David Henry Elias (7 December 1882 – 13 March 1953) was a British railway administrator who was responsible for the operation of national railways in South Africa, Kenya, Uganda, Nigeria and the Federated Malay States.

== Early life ==
Elias was born on 7 December 1882 in London, the son of David Elias.

== Career ==
Elias began his career, aged 17, working on the Great Western Railway in England. In 1902, he went to South Africa where he served for 20 years with South African Railways. During the First World War (1914–1918) he served first in German South West Africa, and later in France with the South African Infantry Brigade where he won the Military Cross.

After leaving South African Railways in 1922, he transferred to Kenya and Ugandan Railways where he remained until 1925, and then served from 1925 to 1931 with Nigerian Railways.

In 1931, he went to Malaya as Deputy Manager, Federated Malay States Railways when there was a need for experience and expertise on the commercial aspects of railway administration rather than in construction and engineering as had been previously the case.
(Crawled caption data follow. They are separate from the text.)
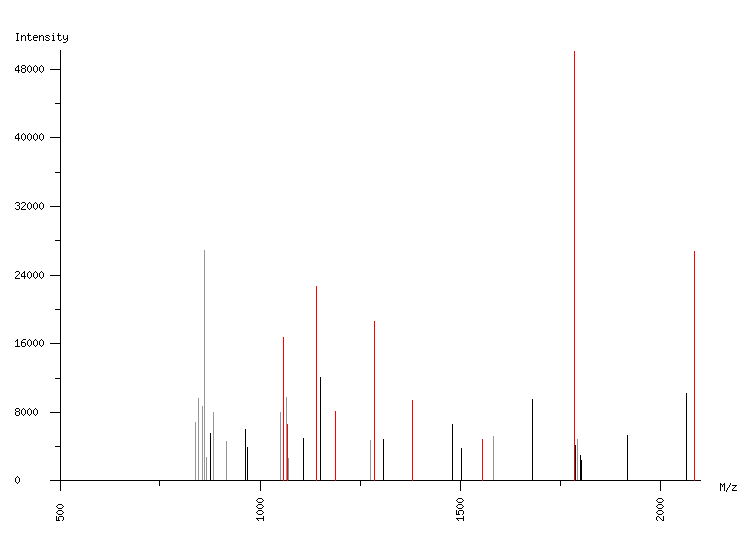 Mass spectrometry diagram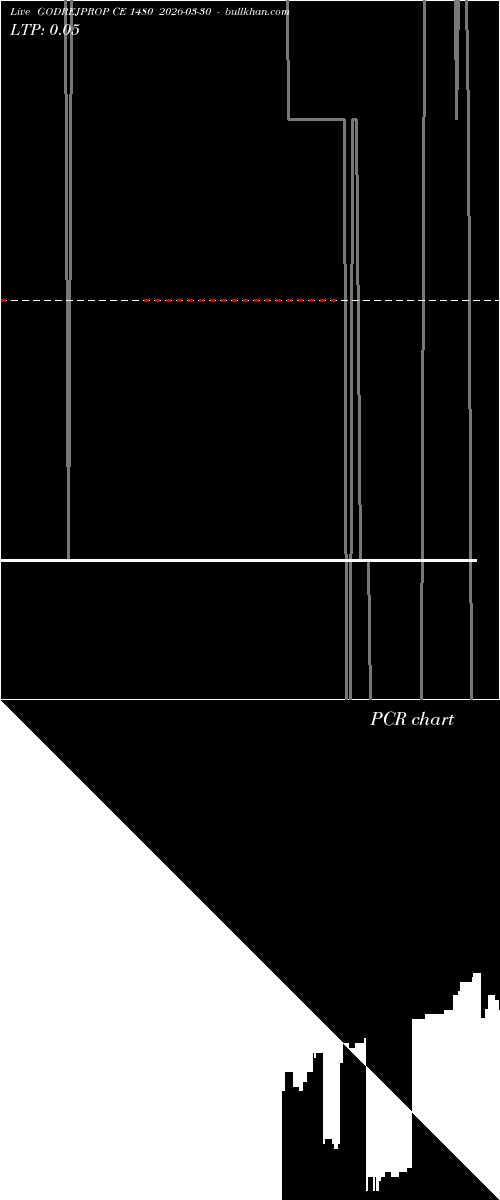  option chart GODREJPROP CE 1480 2026-03-30 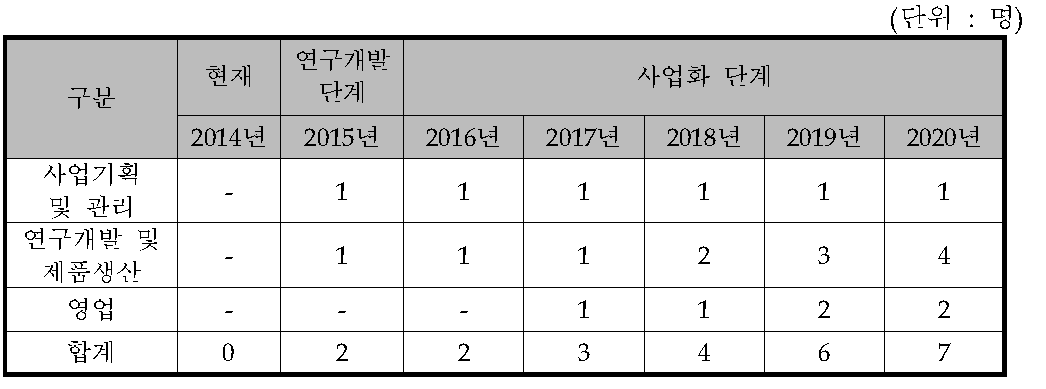 연차별 소요인원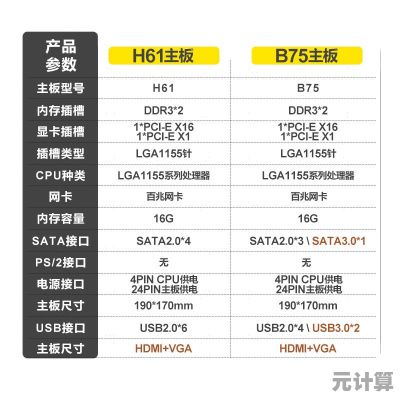 华硕B75主板优化配置全攻略：性能提升与硬件升级实用指南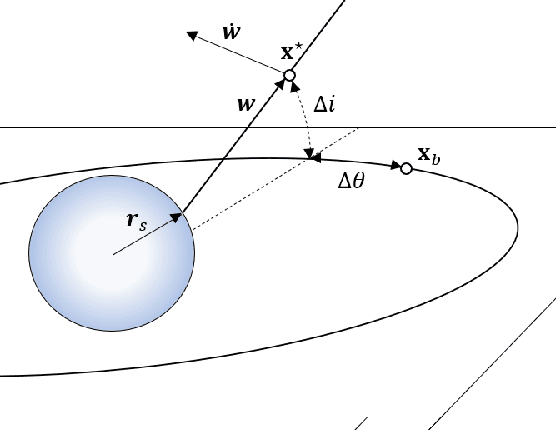 Figure 3 for Automatic maneuver detection and tracking of space objects in optical survey scenarios based on stochastic hybrid systems formulation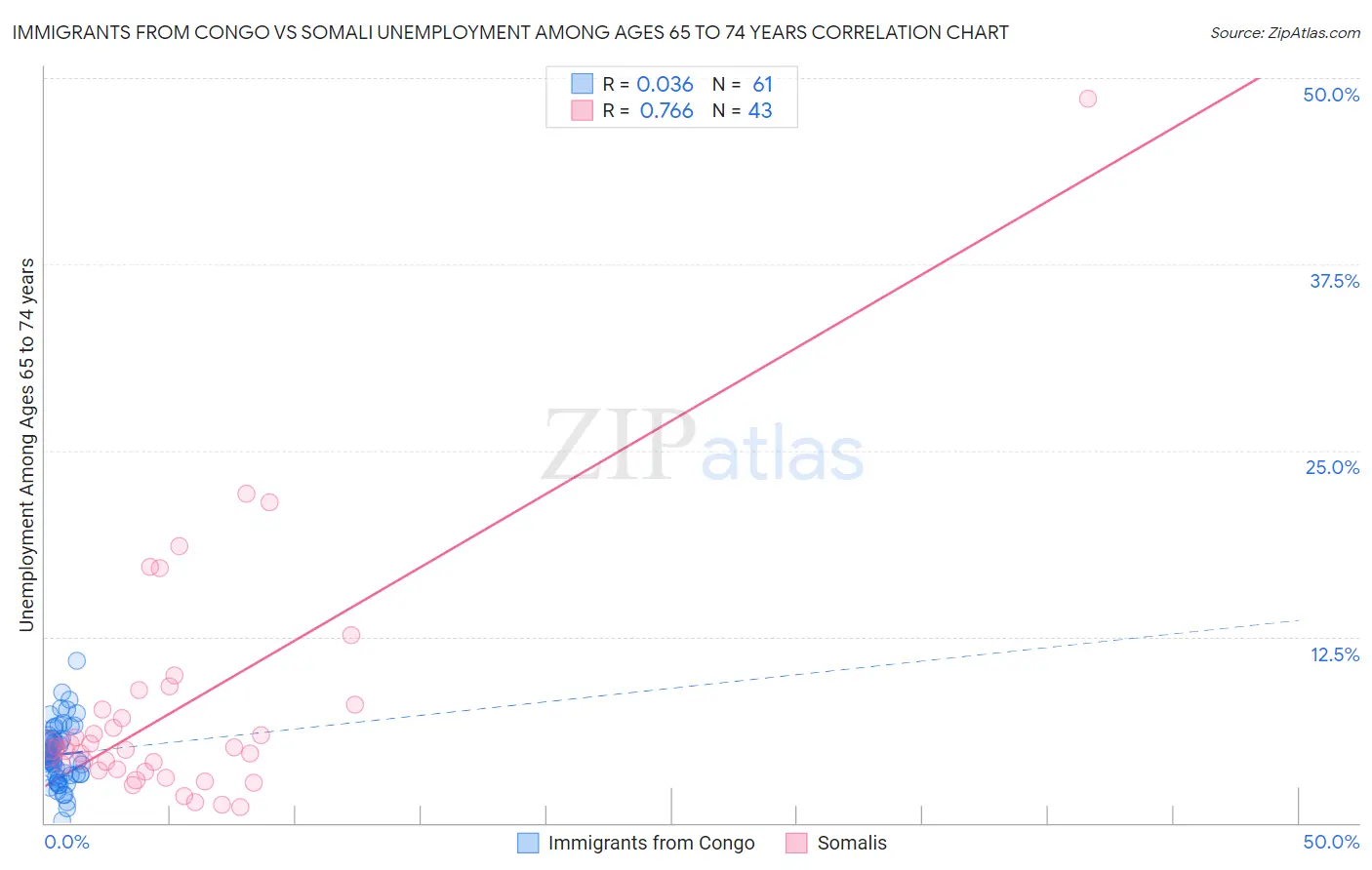 Immigrants from Congo vs Somali Unemployment Among Ages 65 to 74 years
On the retirement of John Strachan in 1933, an engineer by profession, he replaced him as General Manager, Federated Malay States Railways. When he assumed office, the Federated Malay States was in an economic slump and the railways had suffered large losses. By 1935, they returned to profit and, although this was partly due to the improvement in economic conditions, it was widely acknowledged that this was also due to his skill with railway management policy. He retired in 1937.

== Personal life and death ==
Elias married Fairlie Seale in 1944 who survived him. There were no children.

Elias died on 13 March 1953 at Sidmouth, Devon aged 70.

== Honours ==
Elias was awarded the Military Cross (MC) in 1917. He was appointed Companion of the Order of St Michael and St George (CMG) in the 1936 Birthday Honours.